卒業のあと 41
“暑い。このままいったら夏には干からびてしまうんじゃないかな。”
エアコンの素晴らしさを感じる時期になったなと思う。
取材が終わった私は歩いて、レッスン場に戻っていた。
身体は疲れているが、変更になったダンスをとにかく早く覚えなくてはならないという気持ちがあり更衣室でレッスン着に着替えていた。

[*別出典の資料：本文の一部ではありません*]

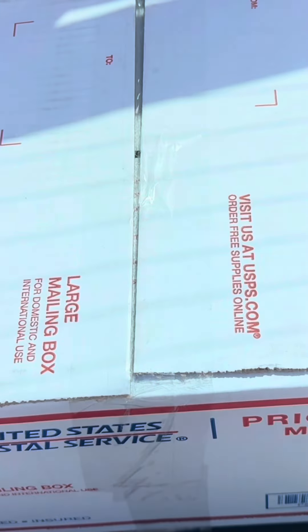Package time! Let's see what we got. This is what it looks like on the inside — it's a bunch of clothes.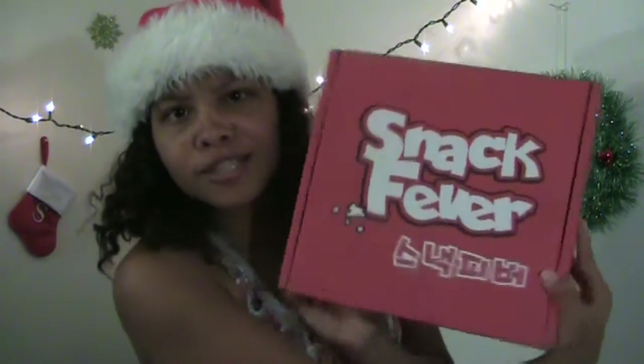Today I have a Snack Fever box, and I'm so excited because I missed making a video for last month's box. I just got really excited and like dove into that one. Anyways, let's open. Oh my gosh, how exciting.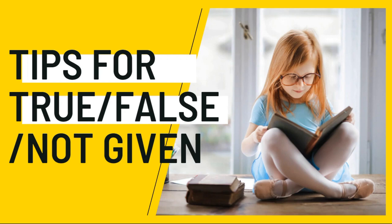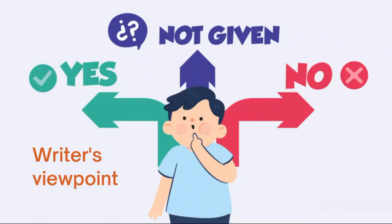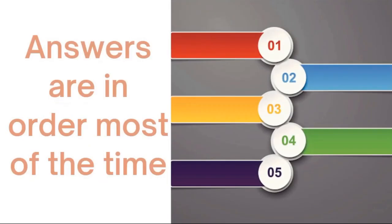Today in this lecture I am going to share certain tips related to True, False and Not Given which might definitely help you to overcome the problem of when to write False and Not Given. There is the same technique whether it's True, False or Not Given, or Yes, No and Not Given — there is not much of a difference. Mostly in the examination, Yes, No and Not Given is asked, which is related to the writer's point of view.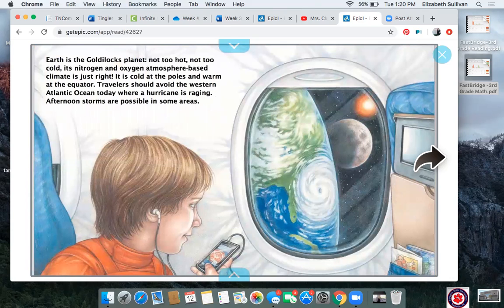You all know this one, right? What's this planet called? That's right — it's Earth, where we live. Earth rocks! Earth is the Goldilocks planet: not too hot, not too cold. Its nitrogen and oxygen atmosphere-based climate is just right. Nitrogen and oxygen are the gases in the air that make up our planet. We breathe oxygen — that's part of our atmosphere, the air around us. There's also nitrogen in the air as well, and that makes up our weather and what the air feels like on Earth. We would not survive if there was not oxygen. Earth has the air that's just right for us.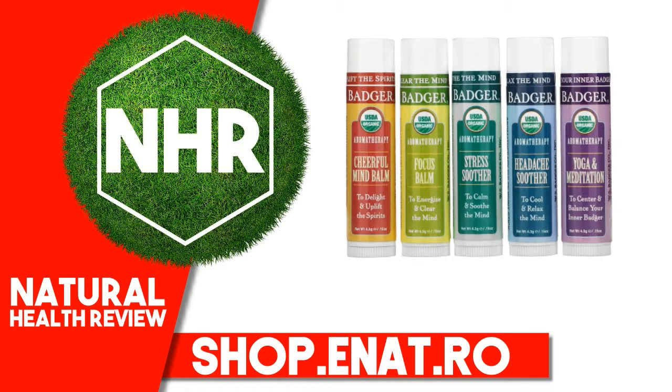Headache Soother: Olea Europaea (Olive) Fruit Oil, Cera Alba (Beeswax), Ricinus Communis (Castor) Seed Oil, Lavandula Angustifolia (Lavender) Flower Oil, Menthol, Mentha Piperita (Peppermint) Leaf Oil, Tocopherol (Sunflower Vitamin E), Eucalyptus Globulus (Eucalyptus) Leaf Oil, Citrus Nobilis (Mandarin) Peel Oil, Santalum Album (Sandalwood) Oil, Calendula Officinalis (Calendula) Flower Extract, Rosa Canina (Rosehip) Fruit Extract. Organic essential oils contain greater than 0.001% Linalool, Limonene.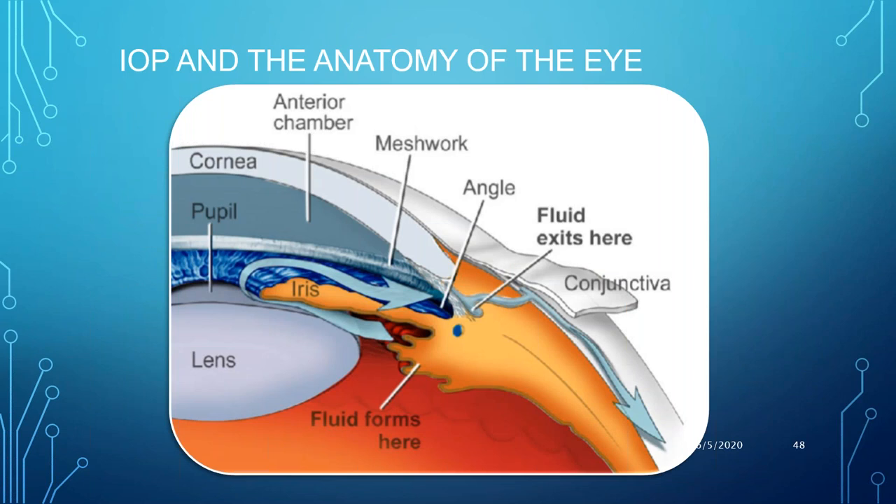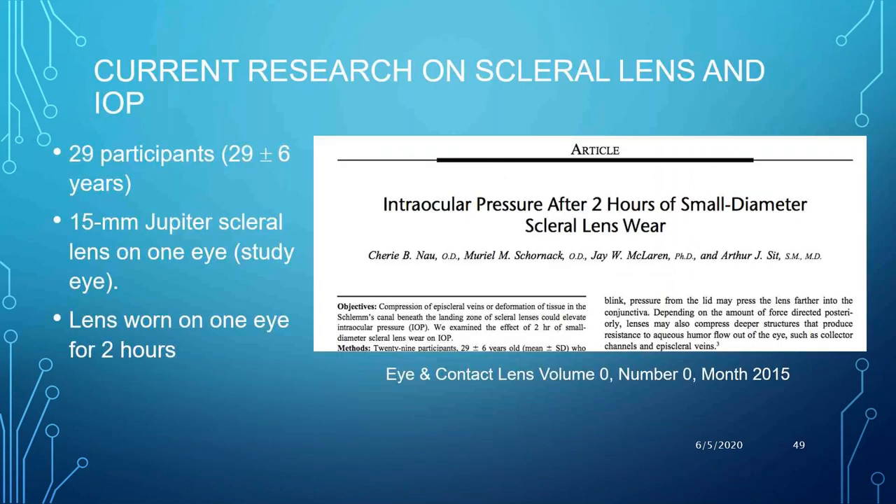Briefly, aqueous humor is produced in the ciliary body. The drainage pathway flows from the posterior chamber to the anterior chamber through the pupil, then exits the eye through the trabecular meshwork into Schlemm's canal. The edge of the scleral lens lands right around the limbus, compressing all these angle structures. There has not yet been any solid meta-analysis confirming that scleral lens wear causes increased IOP, and published studies show conflicting results.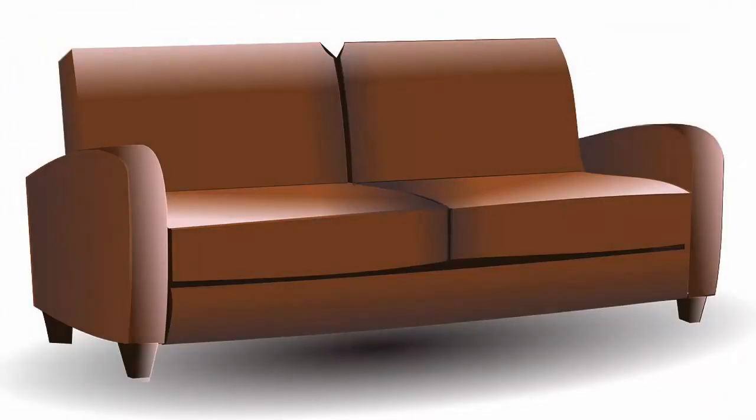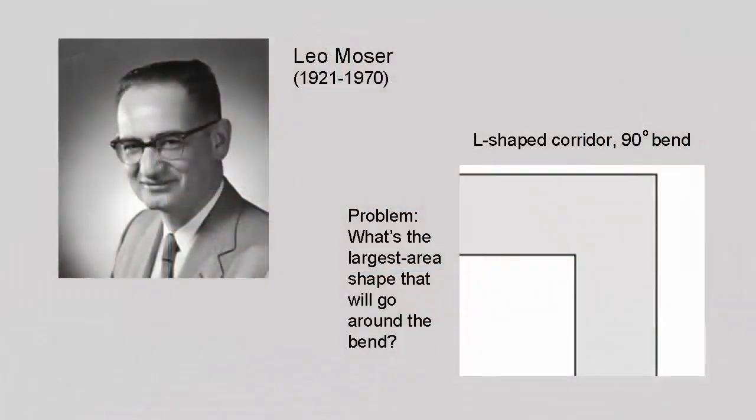It's a problem we're all familiar with: how to get a large unwieldy shape around a tight corner. Mathematicians are a bit more precise in stating the problem. The exact challenge, first put forward by the Austrian-Canadian mathematician Leo Moser in 1966, is to figure out the largest 2D area that can negotiate the 90-degree bend in an L-shaped corridor that's one unit wide. This area, even in academic circles, is now fondly known as the sofa constant.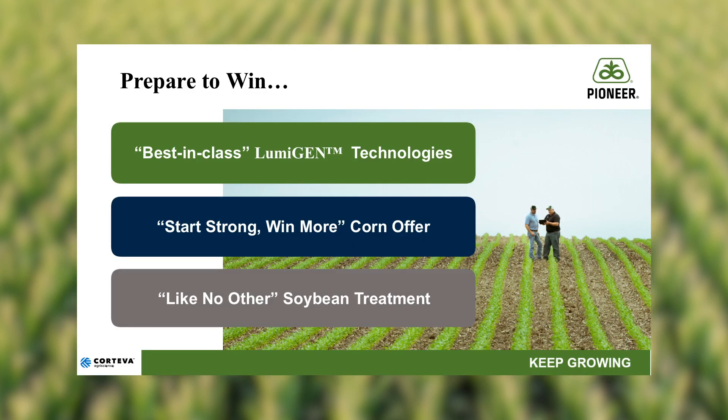Lumogen Technologies is an industry-leading seed applied technology portfolio designed to help farmers establish a healthy, uniform crop and maximize your productivity. Lumogen Technologies is selected from the best ingredients out there in the marketplace today. These ingredients have proven performance, tested over a wide range of environments across multiple years with lots of data points, and have extensively proven their performance.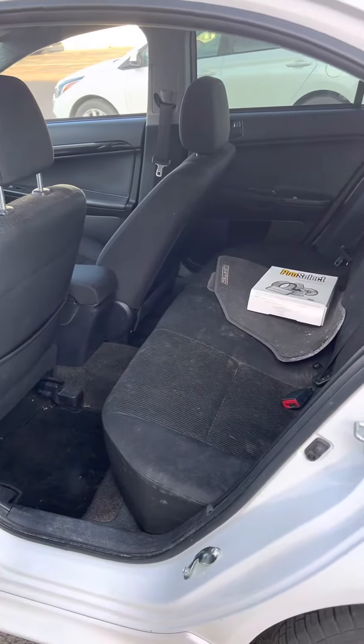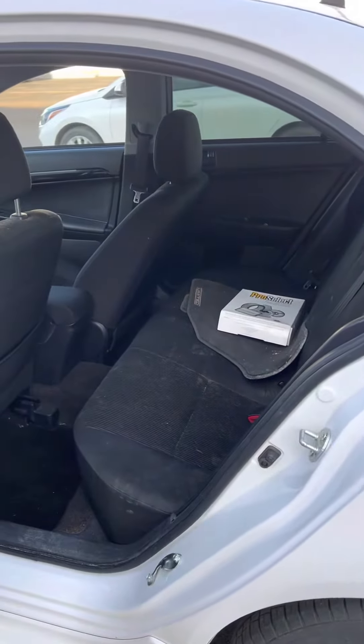Show me the back seats — some space back there. They had a dog, so that's all dog paws right there. I will clean it, it'll be absolutely mint. It doesn't smell like smoke, there's no rips or burns in the seats, it's just dog hair and dirty dog feet. That's it. 96,000 km on it.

更衣室を出て鏡のあるレッスン部屋に向かうとまだ明かりがついている。
私が取材で一回レッスン場をでてから2時間は経っているはず。
“多分あの人だろうな。”
そんなに長い間誰が残っているかは察しがついた。
部屋に入るとやはりあの人が1人でダンスの練習をしていた。
「お疲れ様!また取材?」
鏡に映る私に気づいたのか、あの人はダンスを中断し私の方に身体を向ける。
「うん!今日は2つだった。ありがたい事だけどね。」
先程コンビニで買った水をあの人に渡す。
多分いるだろうと水を2本買っておいて良かった。
「私も急に取材が増えちゃった。取材慣れてないし苦手だからあんまり嬉しくはないよね。」
水の入ったペットボトルを開けならが、力なく笑っている。
あの人は私よりも1つ年上。
敬語を使っていないのは、1期生同士の壁をなくそうとキャプテンが言った為だ。
だが、キャプテンがそう言わなくても、みんなそうなっていたと思う。
おそらく、みんなが思っていたいたことをキャプテンが代弁しただけ。
それがみんなの共通認識だった。
「ピヨちゃんは卒業しちゃうし、私はいきなりセンターだし、これは変な夢を見てるんじゃないかって思ってる。」
ピヨちゃんと私の事を呼ぶのはあの人しかいない。
なんでそう呼ぶようになったかは覚えていないが、私とあの人はあだ名で呼ぶほど仲がいい。
「居残り姉妹」
私達はそう呼ばれていた。
だからこそ、あの人にそう言われると胸に重いものがのしかかる。
なんて言葉を返せばいいのか、私には分からない。
沈黙の時間、ペットボトルについた水滴が床に落ちる音がしたような気がした。